Correcting Contrarian Graphs on the Relationship Between CO2 and Warming

It's well-established physics that the Earth's surface is ~33K warmer than its effective temperature, and the relationship between increasing CO2 and radiative forcing can be approximated by the following logarithmic equation:

ΔF = 5.35*ln (C/Co) where,

  • Co is an initial concentration of CO2 (preindustrial CO2 is generally regarded as 280 ppm). 
  • C is the concentration of CO2 at any given time (currently 420 ppm).

The equation shows the change in the outgoing flux at the top of the atmosphere caused by a change in CO2 concentrations. Since CO2 concentrations have increased by 50%, we can say CO2 has caused a decrease in the outgoing flux of 5.35*ln (1.5) = 2.2 W/m^2. As a result of this decrease in outgoing flux, more energy enters the climate system than escapes into space, and so the planet's surface must warm until the outgoing flux equals incoming again. The relationship between a change in radiative forcing and temperature is linear, so

ΔT = λ*ΔF

So essentially the relationship between changes in CO2 and temperature is logarithmic, and each doubling of CO2 causes roughly the same amount of warming at equilibrium with the change in forcing. The central estimate for the amount equilibrium warming for doubling CO2 is 3 C (once rapid feedbacks are accounted for). If ECS = 3 C, then we can solve for λ (sensitivity) in the above equation to be 3/3.7 = 0.81 C/W/m^2. It's this logarithmic relationship that contrarians frequently exploit to create the false impression that continued increases in CO2 can have little to no effect on GMST. Here's one example I've seen floating around Twitter and Facebook recently.

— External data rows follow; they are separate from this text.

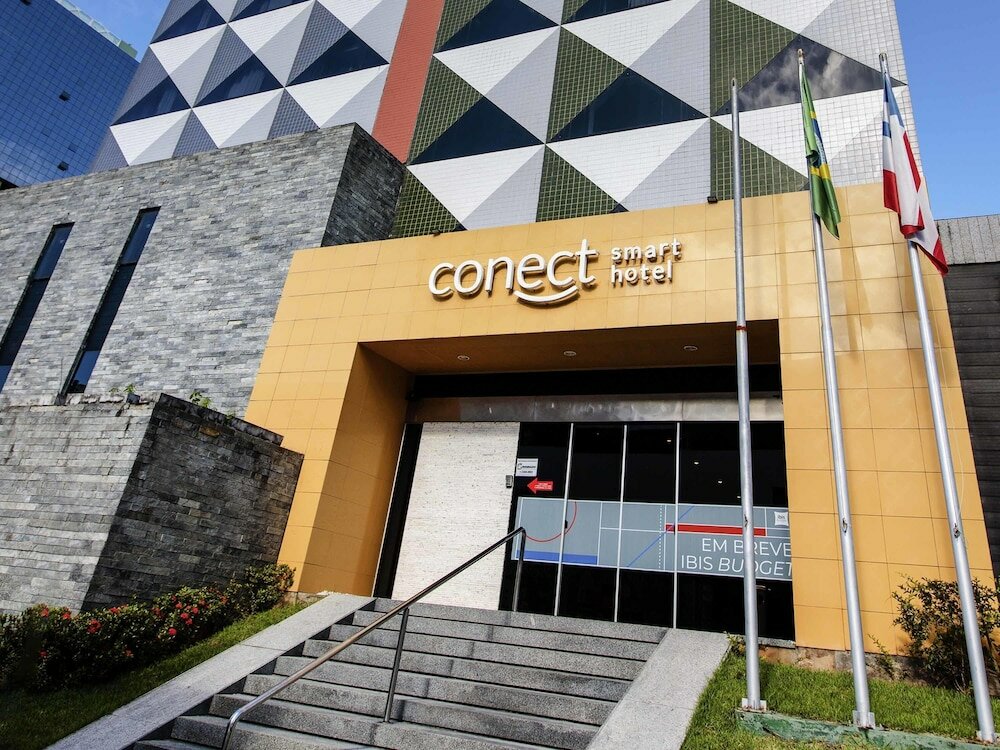 Фото Conect Smart Salvador by Accor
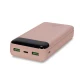 Power Bank TPB-2020 (20000 mAh) Pink Kraft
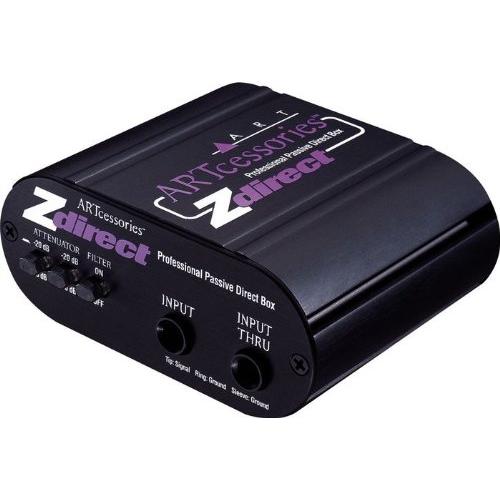 ART Z Direct Professional Passive Direct Box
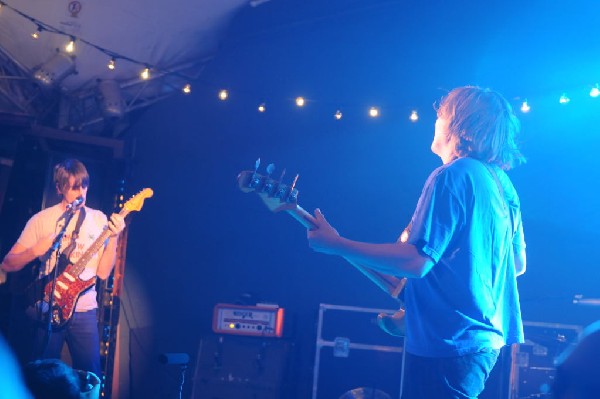 Pavement at Stubb's BarBQ Austin, Texas 09/28/10 - Photos by Jeff Barringer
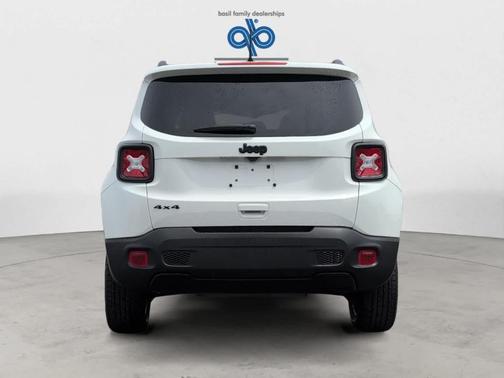 2022 Jeep Renegade Altitude
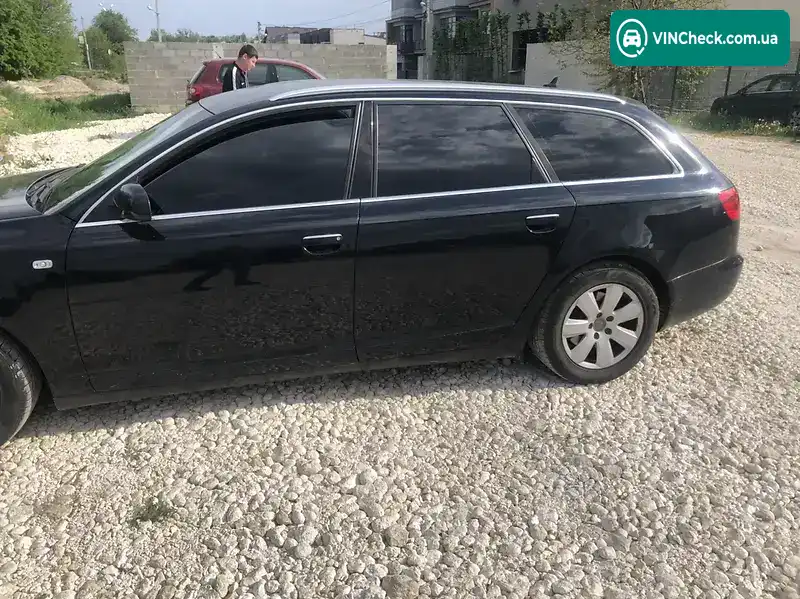 Audi A6 2008, фото з оголошення 2 з 19, VIN WAUZZZ4F68N107792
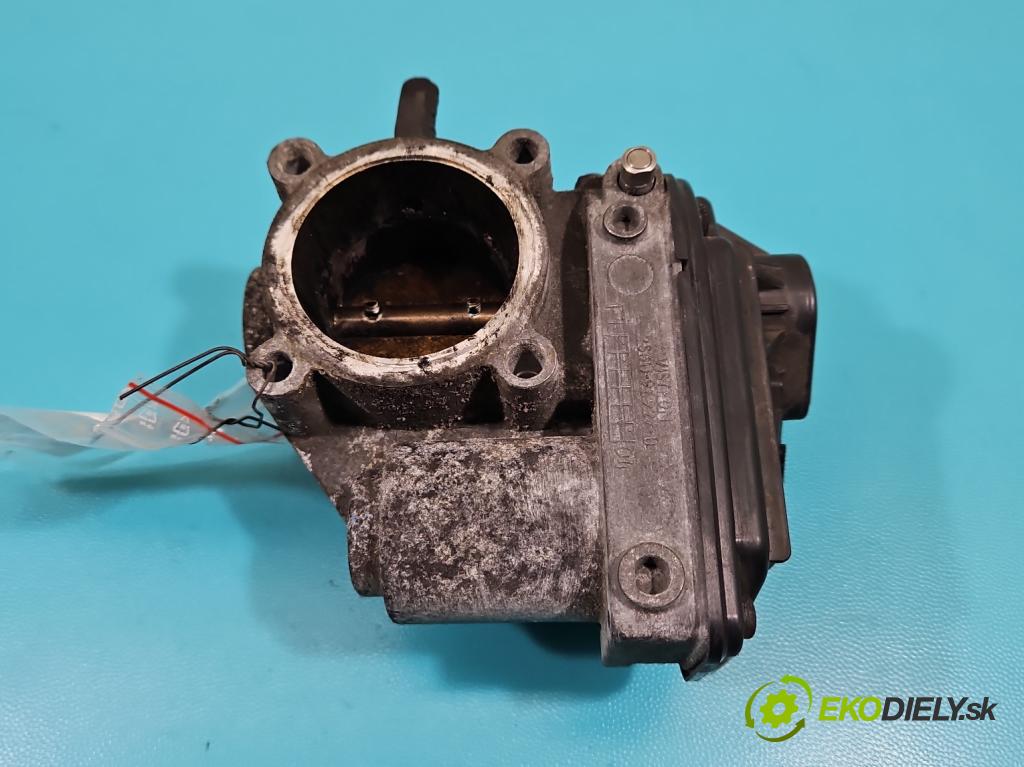 Ford Focus Mk2 2004-2011 1.6 16v 116 HP manual 85 kW 1596 cm3 5- klapka 2S6U-9E927-D (Škrtiaca klapka)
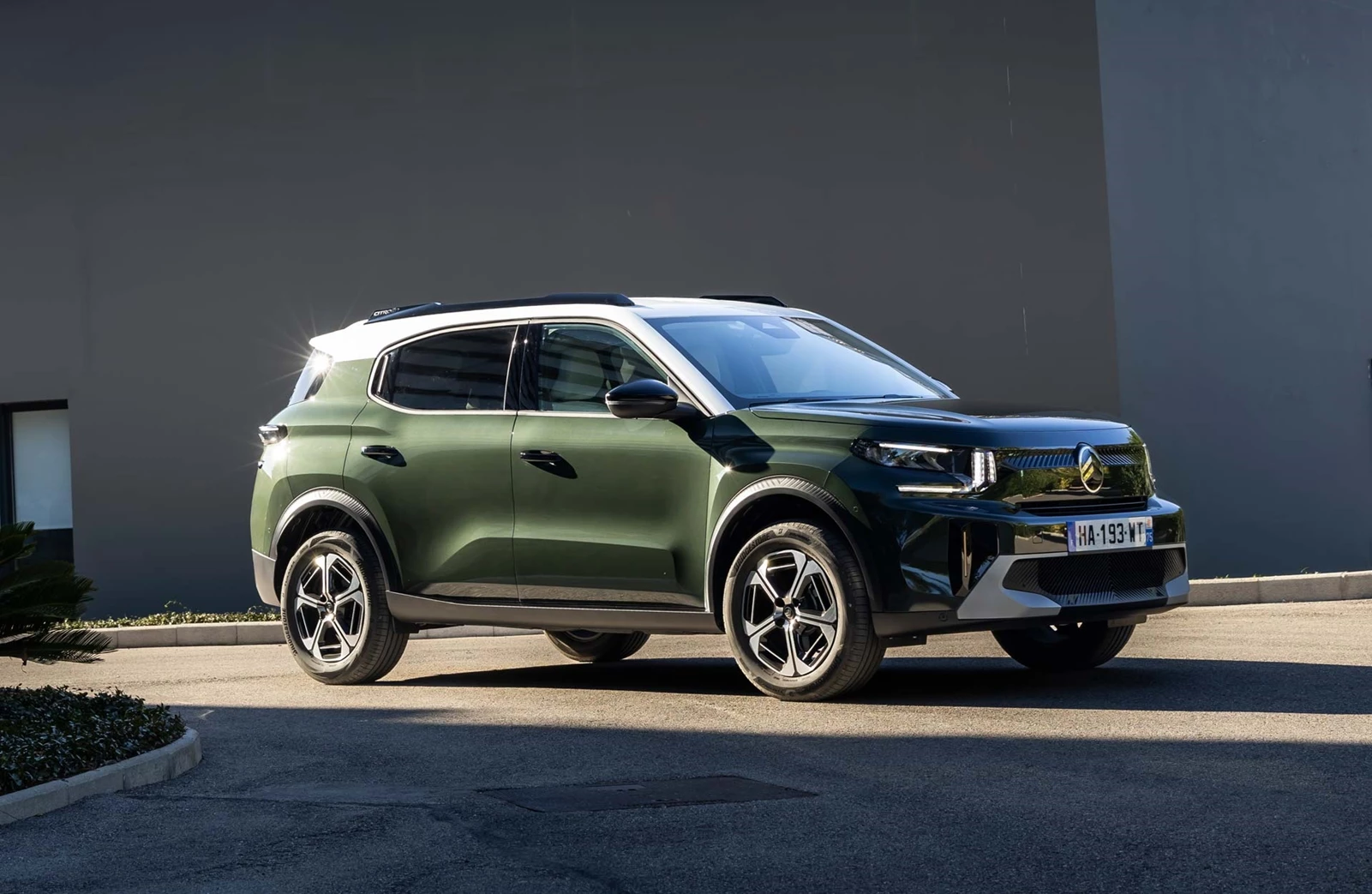 Citroen C3 Aircross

The author of this graph, John Shewchuk, clearly doesn't understand what saturation is, but let's leave that aside for this post. What Shewchuk did is assume an irrationally low value for λ sensitivity of 0.15 C/W/m^2 (what would be an ECS of 0.56 C) and then assume the above equation for radiative forcing would hold at very small CO2 concentrations. The graph then creates the false impression that CO2 at 1200 ppm would only cause GMST to increase by about 5 C above the Earth's effective temperature. This is just plain silly.

But since I've seen these kinds of graphs many times in political tracts, social media, blogs, and YouTube videos, I thought it might be helpful to create a couple accurate graphs showing the amount of equilibrium warming above preindustrial levels (280 ppm CO2). The following graphs show the amount that the equilibrium GSMT anomaly would increase above preindustrial levels in 70 ppm (25% of 280 ppm) increments. In the first graph, I show this with CO2 concentrations on the x-axis. In the second, I show it with the ratio C/280 (rCO2) on the x-axis.


As you can see, with a rational estimate for ECS, we can expect about 7 C warming above preindustrial levels at 1400 ppm CO2 (or 5x preindustrial levels). If you find these graphs useful, feel free to use them as often as you like. I get so tired of responding to contrarians making crappy, deceitful graphs that I figured I'd do my part to help get accurate information out there that agrees with the best evidence we have for climate sensitivity. Have fun with them!